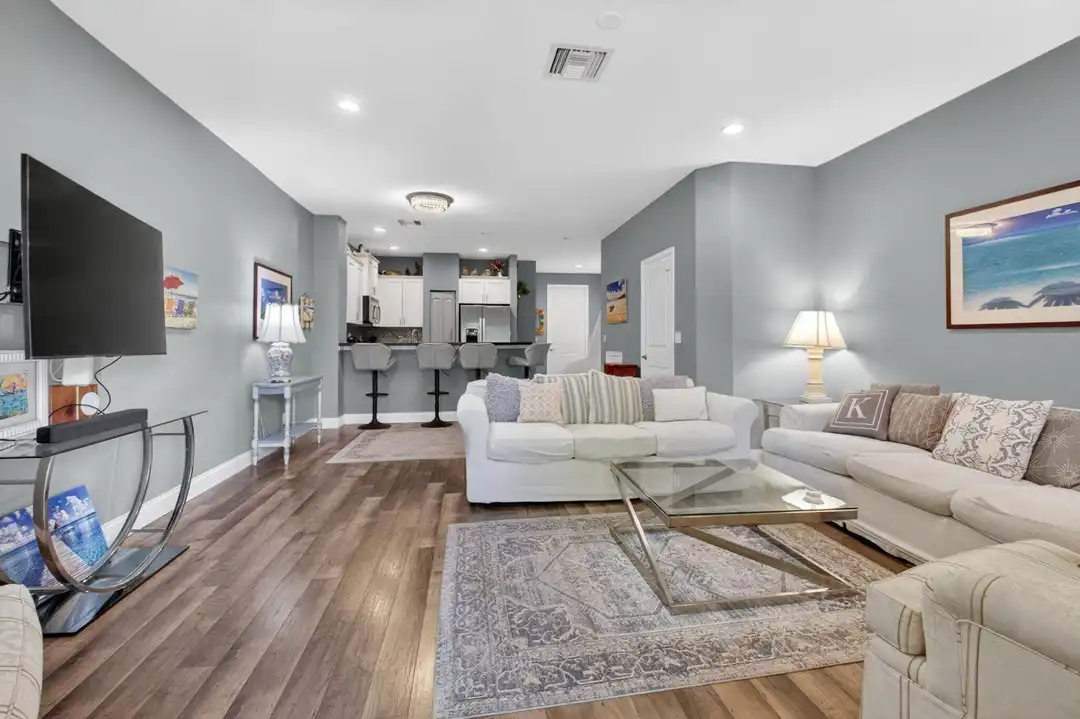 2626 Webb Ave - More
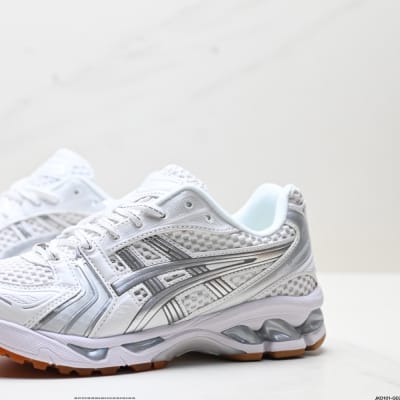 A.P.C. X ASICS Gel-Kayano 14 — 18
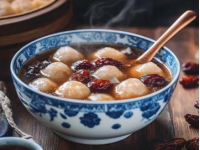 傳統(tǒng)中式美食糊羹：鮮美濃稠，深受喜愛(ài)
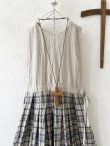 画像2: MARCHE' DE SOEUR／エプロンワンピース・生成り×チェック (2)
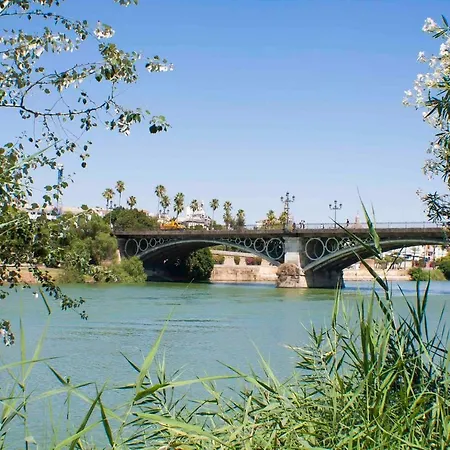 Triana Alfareria By Valcambre
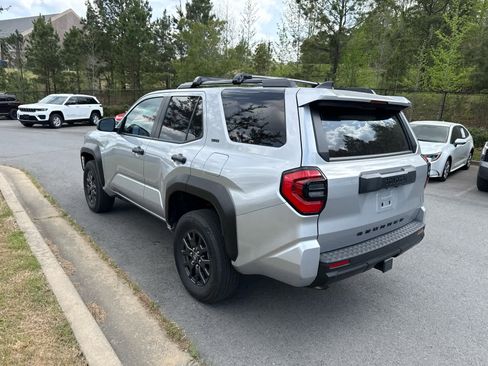 Used 2025 Toyota 4Runner SR5 image 3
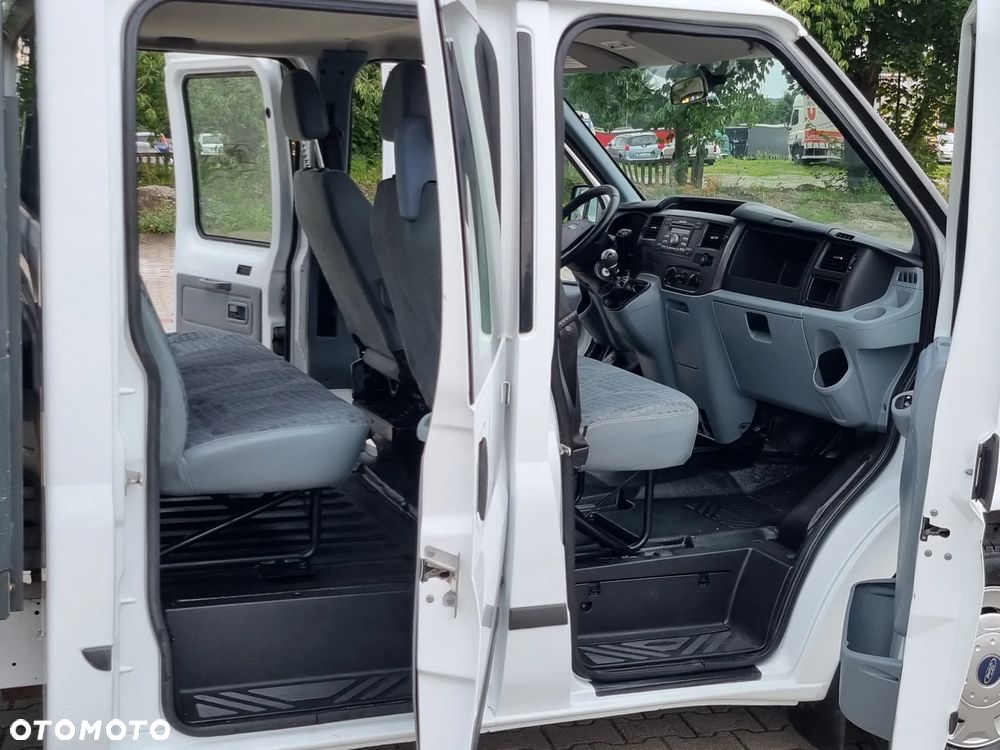 Ford Transit - 17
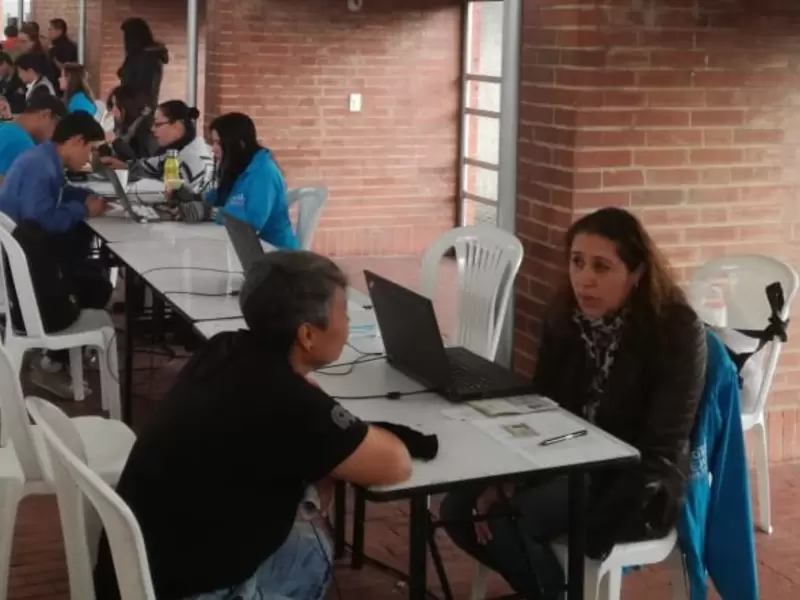 Feria de empleo 'Bogotá Trabaja' en la Plaza de los Artesanos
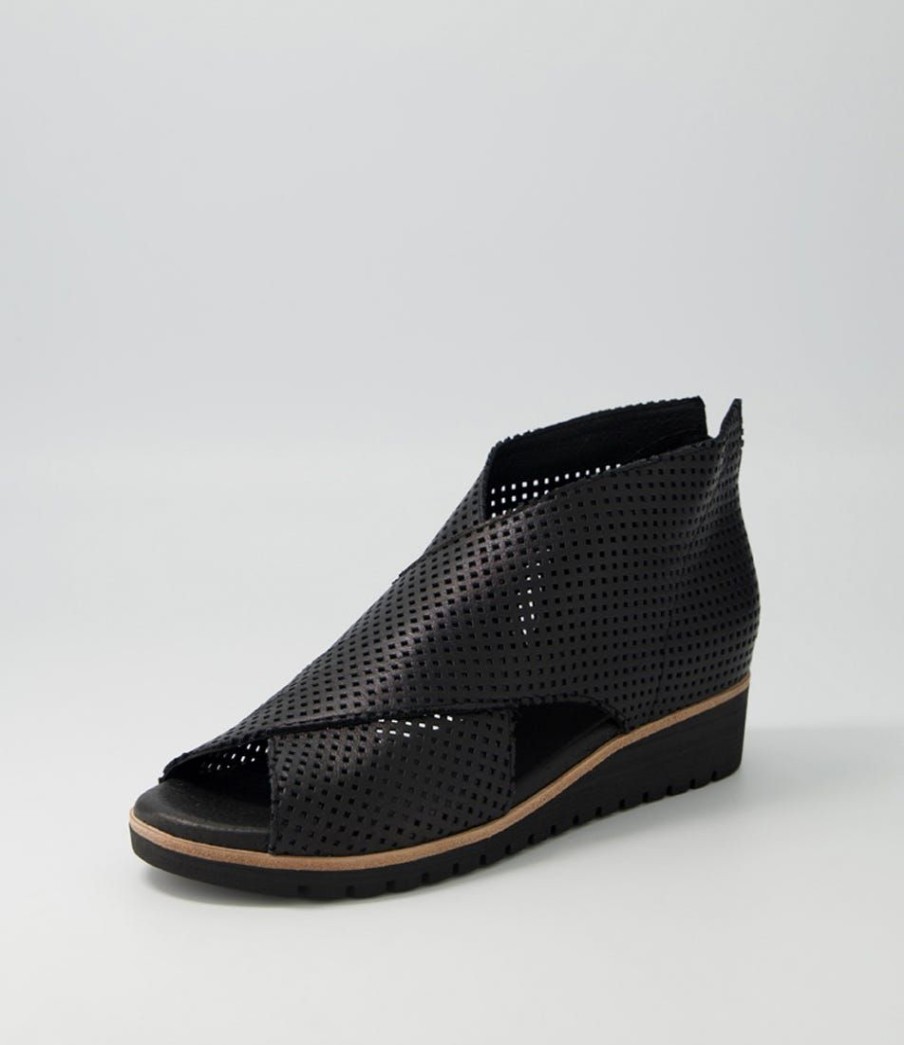 Shoes TOP END | Gwisse Black Leather Sandals Bs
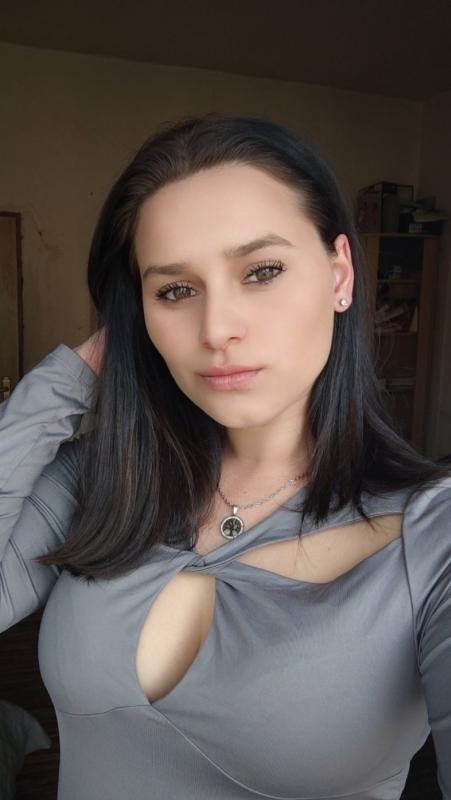 Plno�t�hl� modelky, plus size modelka, baculky, 673-ttn-image-2024-03-27-143653109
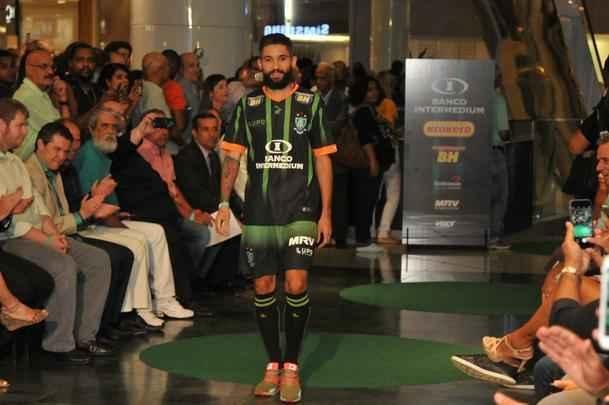 Amrica apresentou coleo de uniformes 2016, desenhados pelo estilista Ronaldo Fraga e produzidos pela Lupo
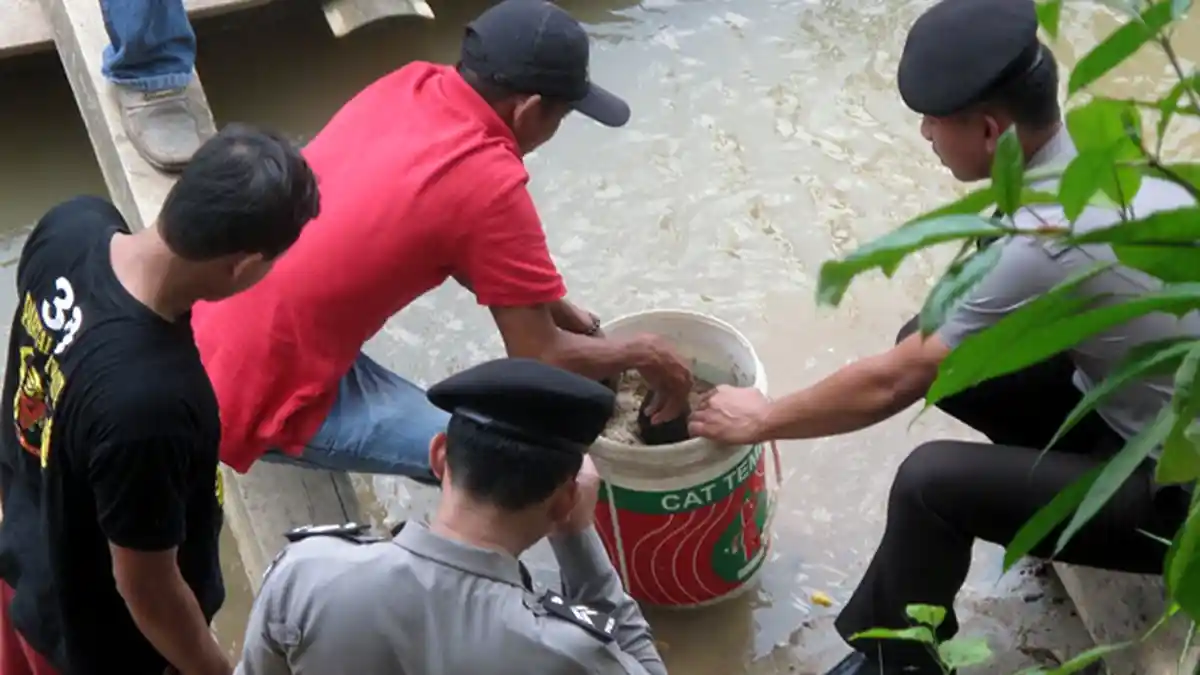 Warga Bandung Temukan Mortir di Kebun Cempaka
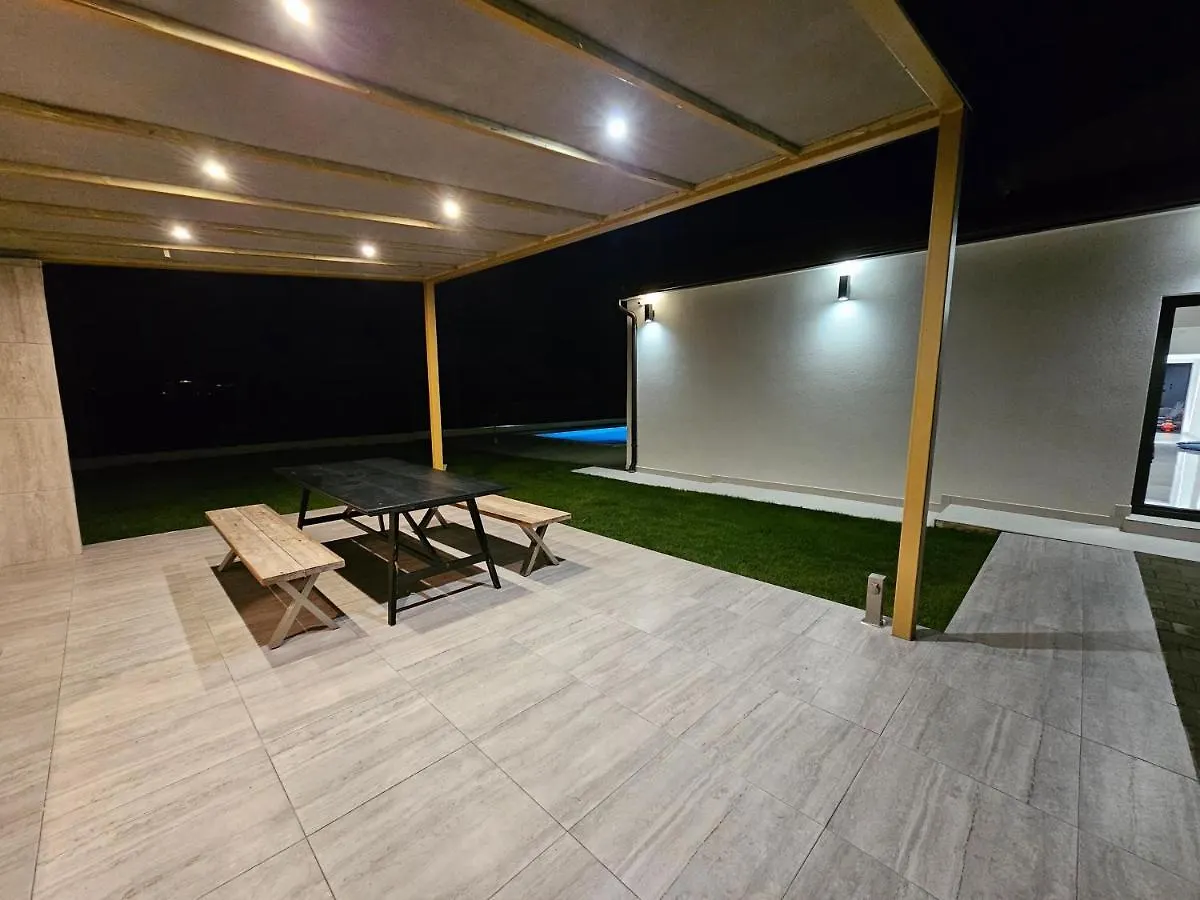 Villa Panorama Buzet Kroatien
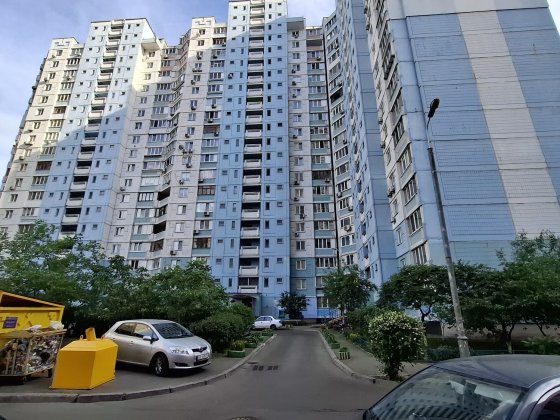 Однокімнатна квартира Драгоманова 1-г Київ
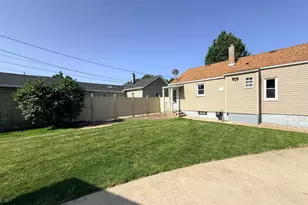 1106 Campbell St, Valparaiso, IN 46385 - Photo 17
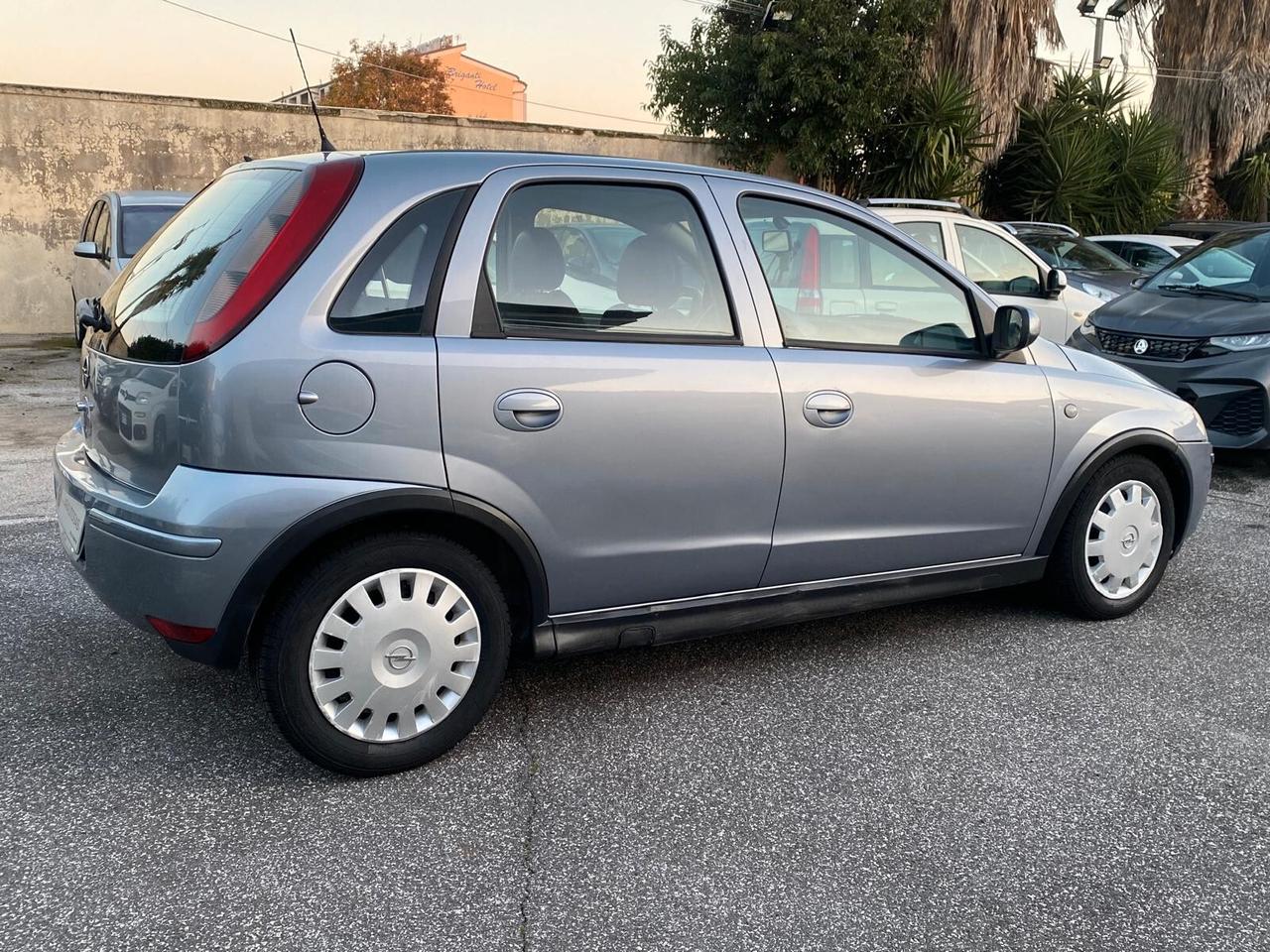 Opel Corsa 1.0i 12V GPL cat 5 porte Enjoy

^^^^

Excluding every picture, set down the listing exactly.

### Exercise response
 2626 Webb Ave - More
 A.P.C. X ASICS Gel-Kayano 14 — 18
 傳統(tǒng)中式美食糊羹：鮮美濃稠，深受喜愛(ài)
 画像2: MARCHE' DE SOEUR／エプロンワンピース・生成り×チェック (2)
 Triana Alfareria By Valcambre
 Used 2025 Toyota 4Runner SR5 image 3
 Ford Transit - 17
 Feria de empleo 'Bogotá Trabaja' en la Plaza de los Artesanos
 Shoes TOP END | Gwisse Black Leather Sandals Bs
 Plno�t�hl� modelky, plus size modelka, baculky, 673-ttn-image-2024-03-27-143653109
 Amrica apresentou coleo de uniformes 2016, desenhados pelo estilista Ronaldo Fraga e produzidos pela Lupo
 Warga Bandung Temukan Mortir di Kebun Cempaka
 Villa Panorama Buzet Kroatien
 Однокімнатна квартира Драгоманова 1-г Київ
 1106 Campbell St, Valparaiso, IN 46385 - Photo 17
 Opel Corsa 1.0i 12V GPL cat 5 porte Enjoy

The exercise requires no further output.